* [TASK DIRECTIONS] Print the lines of the data, starting with the first, up to and including the line where "IRIS USA Plastic" appears.

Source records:
- Opening Delimiter -

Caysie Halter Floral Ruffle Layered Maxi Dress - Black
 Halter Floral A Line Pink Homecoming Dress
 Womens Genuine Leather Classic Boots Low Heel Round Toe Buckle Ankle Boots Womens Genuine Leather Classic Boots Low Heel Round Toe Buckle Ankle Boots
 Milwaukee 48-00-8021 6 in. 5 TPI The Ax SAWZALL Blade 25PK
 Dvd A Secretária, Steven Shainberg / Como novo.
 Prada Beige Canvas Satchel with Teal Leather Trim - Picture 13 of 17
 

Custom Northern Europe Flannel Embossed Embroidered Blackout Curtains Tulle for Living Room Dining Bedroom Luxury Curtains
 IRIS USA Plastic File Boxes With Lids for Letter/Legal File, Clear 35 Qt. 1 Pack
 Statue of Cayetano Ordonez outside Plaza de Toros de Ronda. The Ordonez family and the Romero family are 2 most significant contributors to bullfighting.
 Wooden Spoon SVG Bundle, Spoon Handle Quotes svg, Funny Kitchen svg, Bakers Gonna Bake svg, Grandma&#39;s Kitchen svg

- Closing Delimiter -

* [EXERCISE OUTPUT]
Caysie Halter Floral Ruffle Layered Maxi Dress - Black
 Halter Floral A Line Pink Homecoming Dress
 Womens Genuine Leather Classic Boots Low Heel Round Toe Buckle Ankle Boots Womens Genuine Leather Classic Boots Low Heel Round Toe Buckle Ankle Boots
 Milwaukee 48-00-8021 6 in. 5 TPI The Ax SAWZALL Blade 25PK
 Dvd A Secretária, Steven Shainberg / Como novo.
 Prada Beige Canvas Satchel with Teal Leather Trim - Picture 13 of 17
 

Custom Northern Europe Flannel Embossed Embroidered Blackout Curtains Tulle for Living Room Dining Bedroom Luxury Curtains
 IRIS USA Plastic File Boxes With Lids for Letter/Legal File, Clear 35 Qt. 1 Pack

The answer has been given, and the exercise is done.